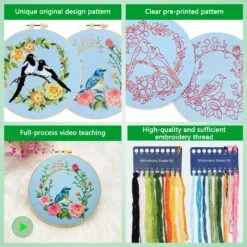 Embroidery Kit For Beginners Adults,Bird-Hummingbird Embroidery Kit Cross Stitch Kits For Beginner Easy To Learn Stitches Instruction Video Stamped Embroidery Pattern Flowers B2-2 Sets -Michaels Stores 151601449818160 1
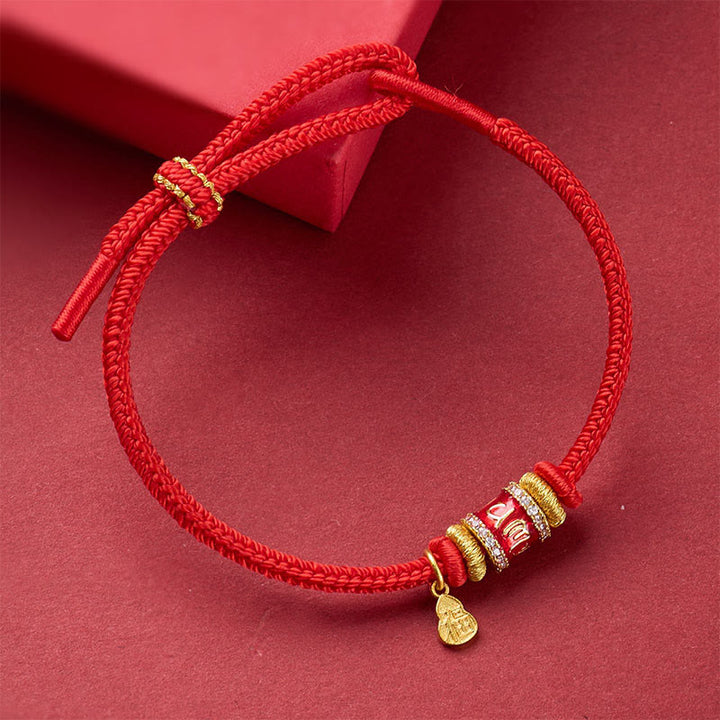 Buddha Stones Om Mani Padme Hum Fu Karakter Koperrode Armband - image 1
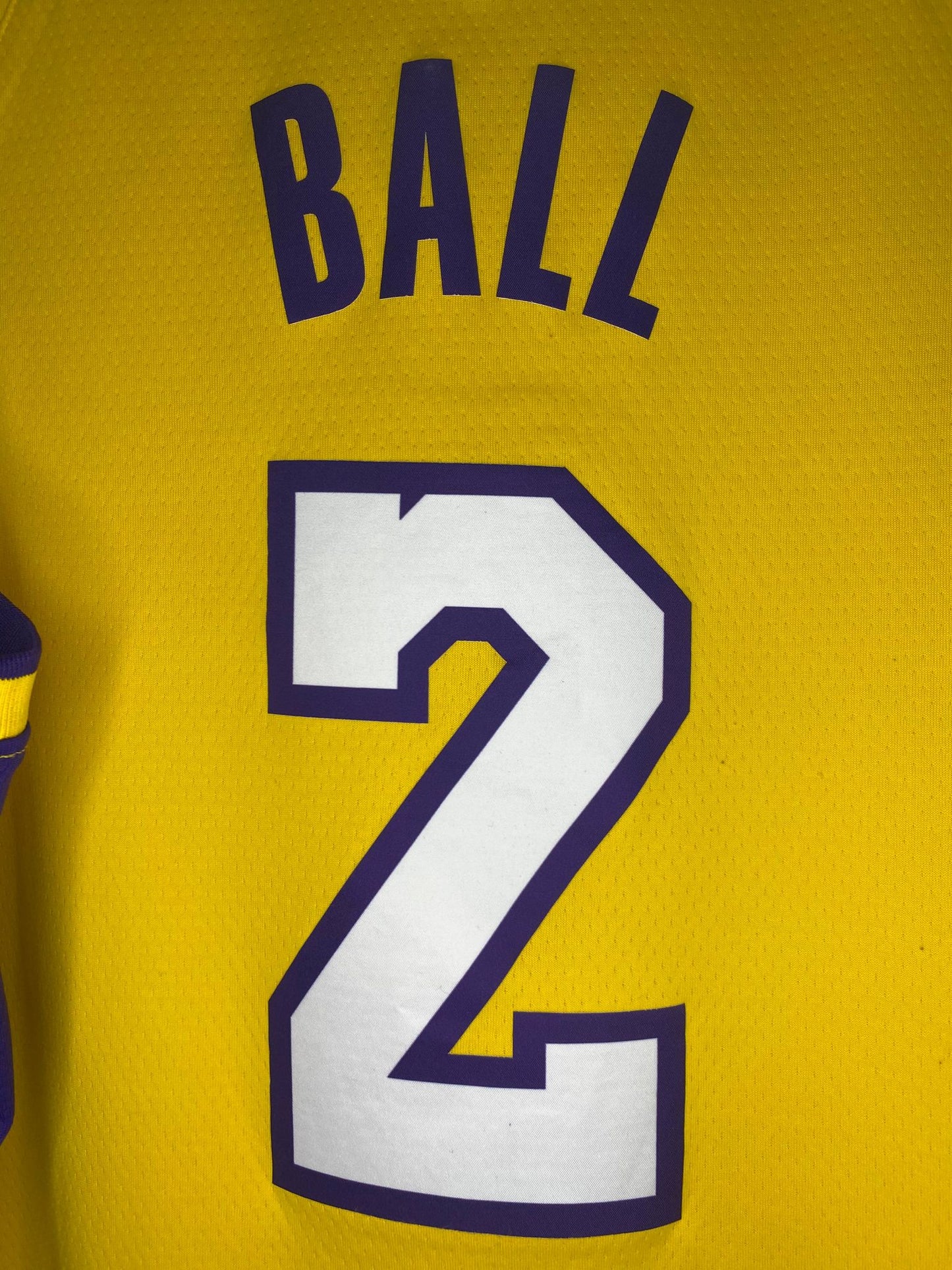 NIKE x NBA x Los Angeles LAKERS x Lonzo Ball Yellow Short Sleeve Basketball Jersey - XL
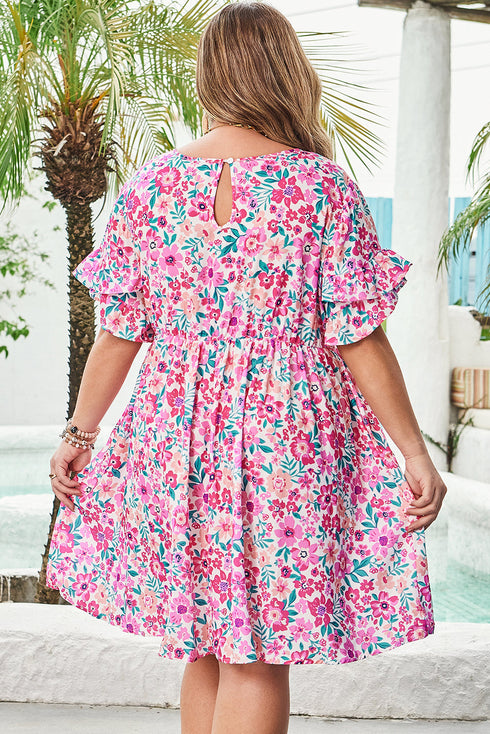 All Over Floral Print Frilled A Line Mini Dress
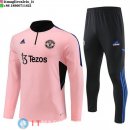 Felpa Da Allenamento Set Completo Manchester United 22-23 Rosa I Nero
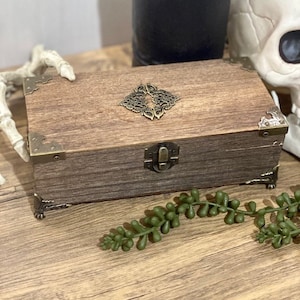 Dark Hand Decorated Bookmark Storage Box | Engraved Bookmark Storage Box | Engraved Box | Bookmark Box | Book Accessories | Medieval Box |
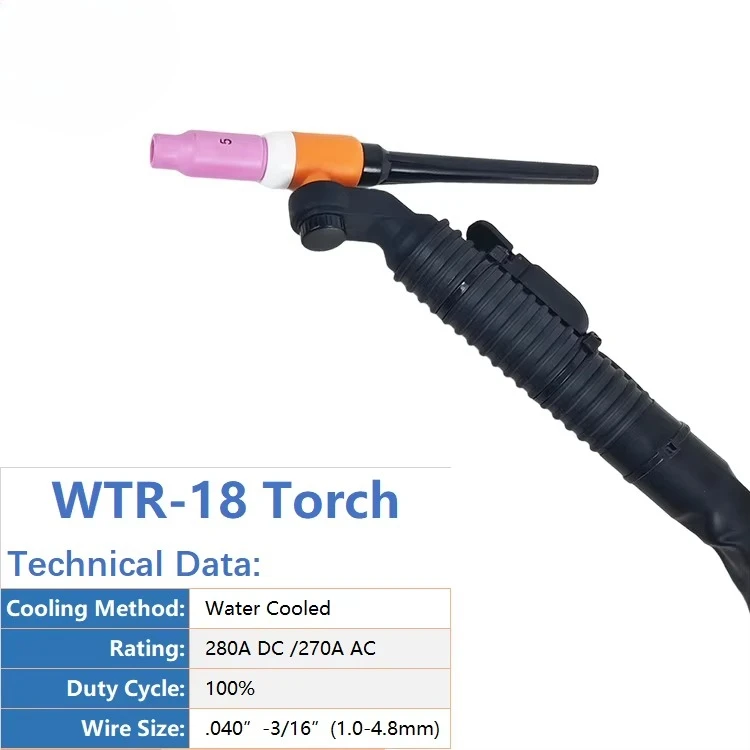 WTR18 Water Cooled TIG Torch 280A DC 270A AC Rotatable Head Ribbed Handle WTR-18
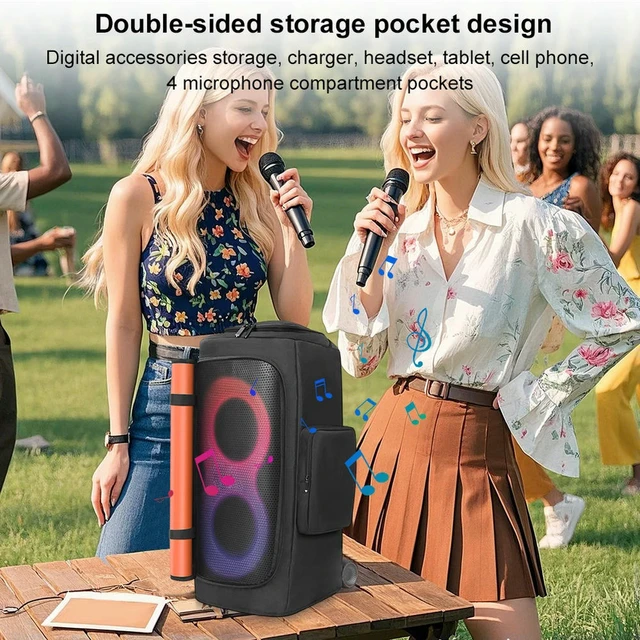 Alt view image 3 of 3 - Padded Speaker Protective Cover Waterproof Double-Sided Speaker Bag Anti-Slip Speaker Carry Bag for JBL PARTYBOX 310/320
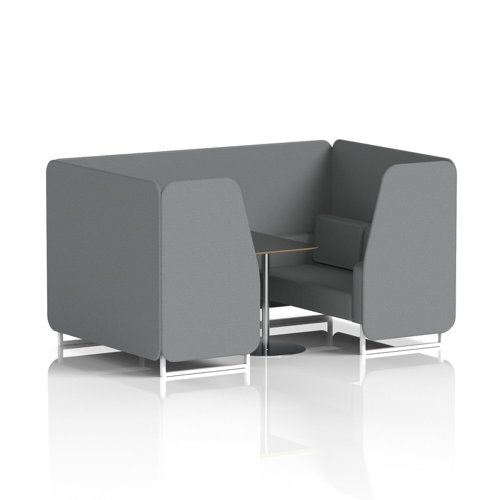 Brixworth 4 Seater Booth With White Legs And Black Table With Silver Leg In Synergy Fabric - Partner Panels And Sofa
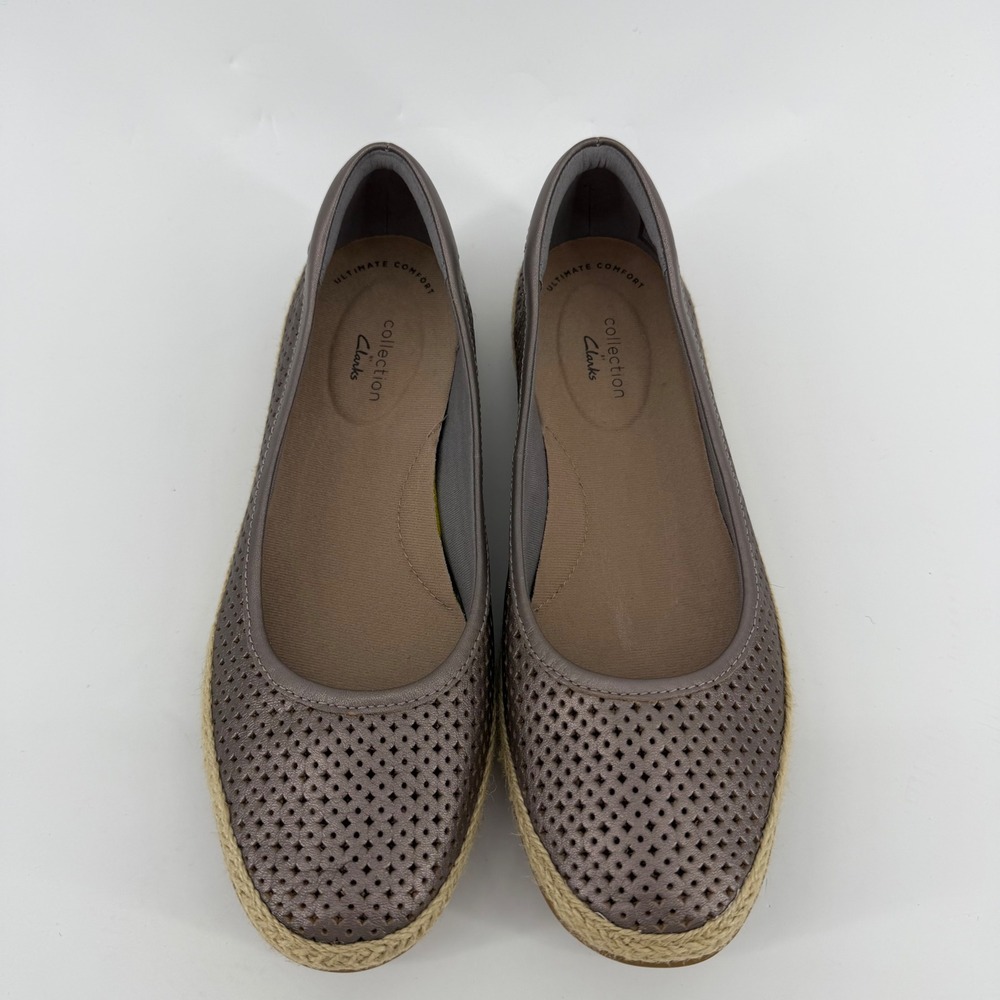 Clarks Danelly Adira Leather Espadrille Flats Women 8 Pewter Metallic Perforated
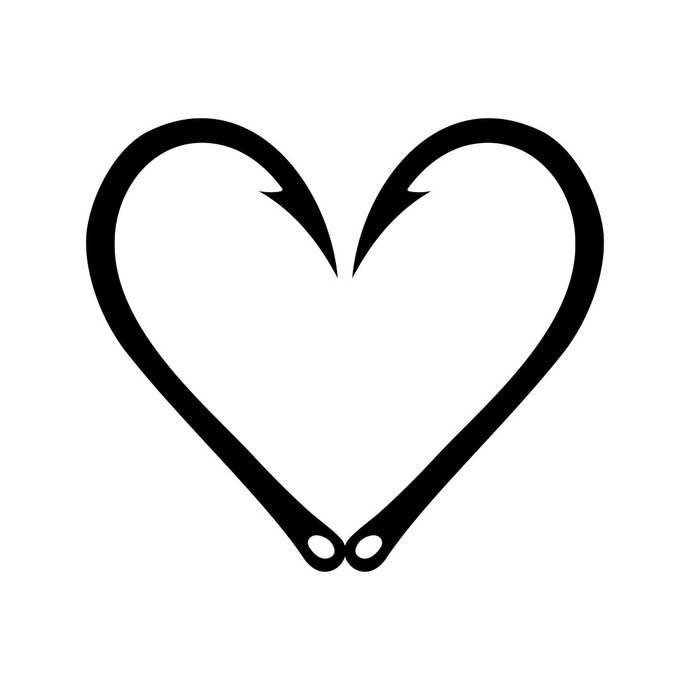 690x690 Fish Hook Heart Graphics Design Dxf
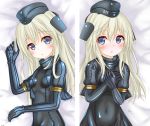  blonde_hair blue_eyes breasts commentary_request covered_navel cropped_jacket eyebrows eyebrows_visible_through_hair garrison_cap hat kantai_collection langley1000 long_hair looking_at_viewer lying military military_uniform small_breasts u-511_(kantai_collection) uniform 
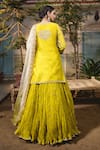 Shop_Surbhi Shah_Yellow Lehenga And Kurta Pure Spun Silk Embroidered Thread Floral Marori Set _at_Aza_Fashions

• **EXERCISE**
Could the lines from the first entry through the line that contains "Dark Hand Decorated" be copied exactly, with all pictures left out?

• **SOLUTION FOR THIS PROBLEM**
 Embroidery Kit For Beginners Adults,Bird-Hummingbird Embroidery Kit Cross Stitch Kits For Beginner Easy To Learn Stitches Instruction Video Stamped Embroidery Pattern Flowers B2-2 Sets -Michaels Stores 151601449818160 1
 Buddha Stones Om Mani Padme Hum Fu Karakter Koperrode Armband - image 1
 NIKE x NBA x Los Angeles LAKERS x Lonzo Ball Yellow Short Sleeve Basketball Jersey - XL
 All Over Floral Print Frilled A Line Mini Dress
 Felpa Da Allenamento Set Completo Manchester United 22-23 Rosa I Nero
 Dark Hand Decorated Bookmark Storage Box | Engraved Bookmark Storage Box | Engraved Box | Bookmark Box | Book Accessories | Medieval Box |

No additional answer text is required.